WORK TASK: Retype all entries exactly as they stand, excluding pictures.

(INFORMATION SUPPLIED begins)

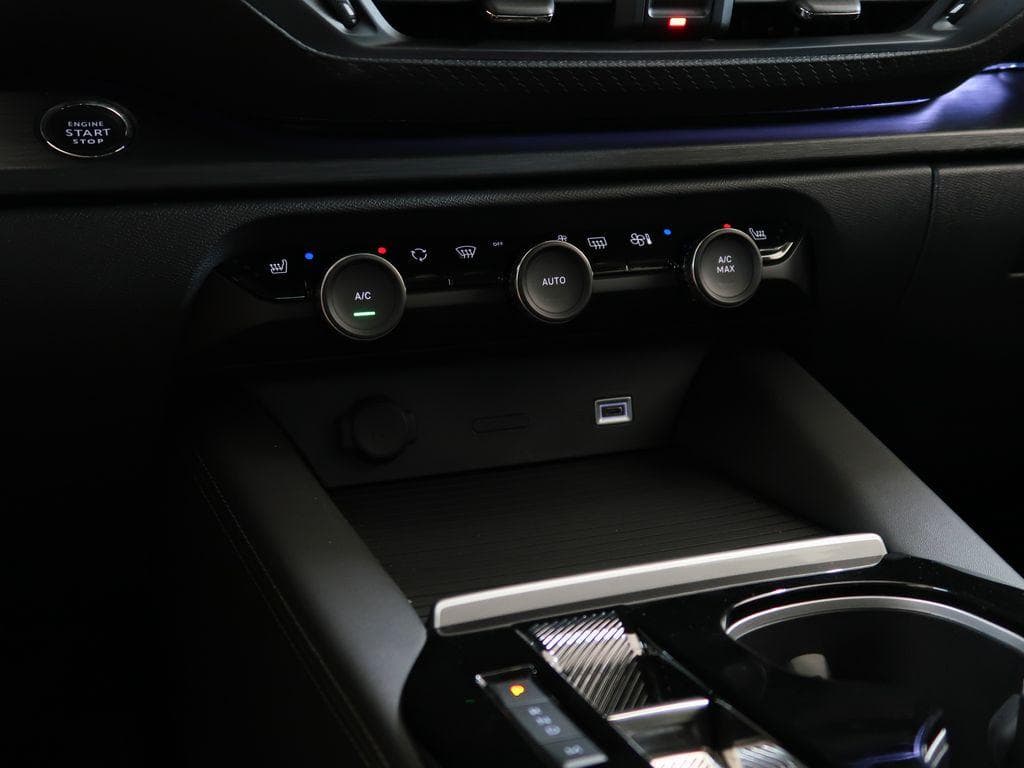 2024 Citroen C5 - 18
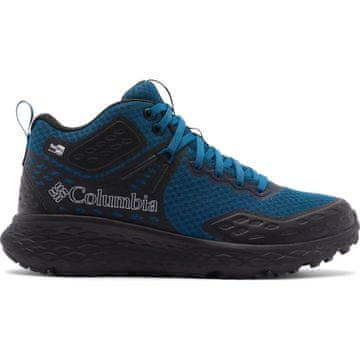 Columbia Čevlji Columbia Konos TRS Mid BM7354442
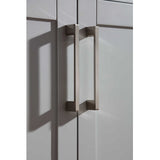 Dawn USA Ross Vanity Set 60: AARO-6004 Light Grey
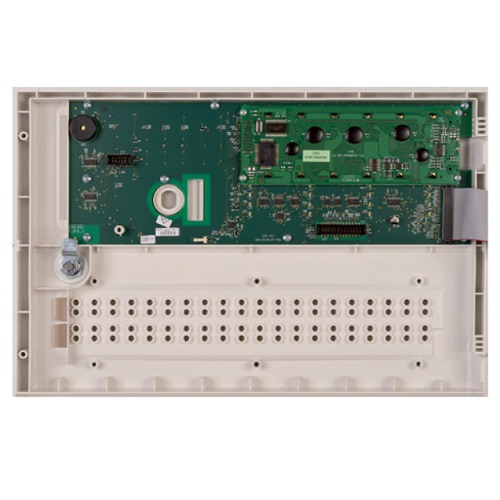 Morley-IAS MORLEY-95 795-104 Puerta con Display y teclado de centrales DXc1/2/4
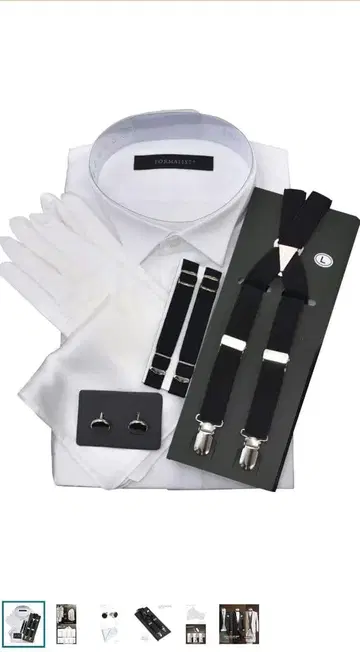 신랑 잡화 6세트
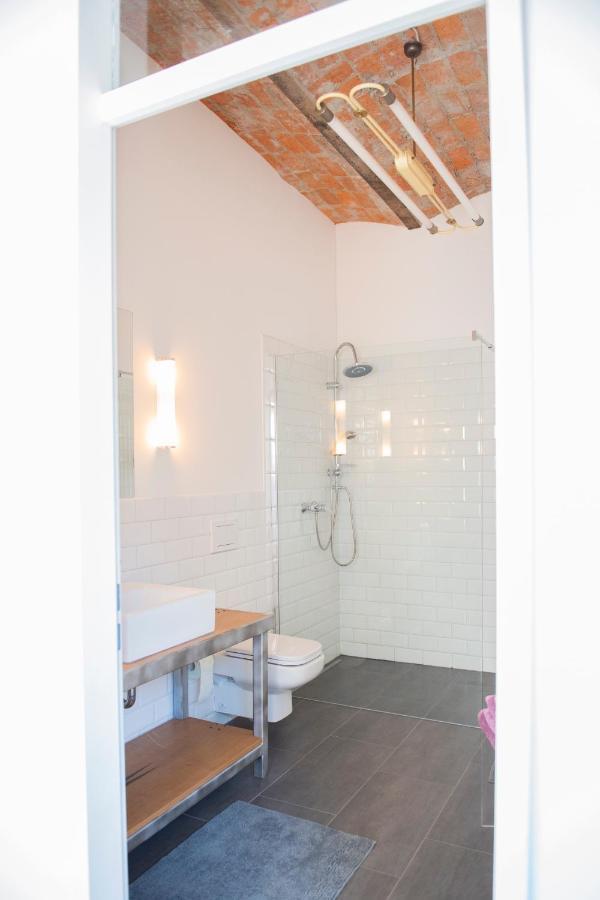 Freiraum Loft Villa Марклеберг Екстериор снимка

(INFORMATION SUPPLIED ends)

RESULT OF THE TASK:
 2024 Citroen C5 - 18
 Columbia Čevlji Columbia Konos TRS Mid BM7354442
 Dawn USA Ross Vanity Set 60: AARO-6004 Light Grey
 Morley-IAS MORLEY-95 795-104 Puerta con Display y teclado de centrales DXc1/2/4
 신랑 잡화 6세트
 Freiraum Loft Villa Марклеберг Екстериор снимка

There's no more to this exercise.